About GST On E-Commerce
The E-commerce or EC industry is growing immediately in the country where buying or selling of goods and services, and the transmitting of data or funds over an electronic network. There are two types of EC sellers.
- Companies such as Amazon, Flipkart, Myntra and Paytm are some of the largest e-commerce players: it is an entity which owns, operates or manages digital or electronic facility or platform for E-commerce
- Suppliers on EC platform: It is an entity which supplies goods or services through an EC platform.
Return Filing under GST for Ecommerce
|Particulars||E-commerce operator||Suppliers on E-commerce platforms|
|Meaning||A person who owns, operates or manages the digital or electronic facility or platform for electronic commerce.||Who supplies goods or services on an e-commerce platform.|
|Registration||All EC operators are essentially required to get registration under GST irrespective of their turnover.||All suppliers on EC platforms are essentially required to register under GST along with even those EC suppliers whose aggregate turnover does not exceed the threshold limit for registration.|
|Return Filing||By 10th of every month, an EC operator has to furnish GSTR-8 Form containing details of outward supplies made through their platform by suppliers in the previous month.||By 10th of every month, suppliers have to furnish the details of their outward supplies through EC platforms.
By 15th of every month, supplier has to furnish GSTR 2 Form, in which the details of tax collected by the EC operator can be accepted or modified from GSTR 2A which is auto-populated from GSTR 8 Form
By 20th of every month, he/she shall file the return and discharge his tax liability on the supply of goods through EC or Credit Ledger.

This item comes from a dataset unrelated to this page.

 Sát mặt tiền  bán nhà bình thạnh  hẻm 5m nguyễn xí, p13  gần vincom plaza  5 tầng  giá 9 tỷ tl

GST-induced taxation changes for e-commerce sellers
After all, GST as a single tax for products across India will be profitable for all EC sellers in the long run because of the aspect of transparency in trade brought forth by this new indirect tax reorganize. Now we discuss the impact of GST on an online seller’s (EC):
Increased reach of e-commerce sellers:
GST has opened the outlet for small and medium-sized EC sellers to compete with larger enterprises at a national level.Long ago, these sellers were limited to operating within the one state due to the looming tax rates of trading across multiple states
Compulsory registration required:
The government has specified a turnover threshold of Rs 20 lakh for registration under GST. This has been relaxed to Rs 10 lakh for north-eastern states.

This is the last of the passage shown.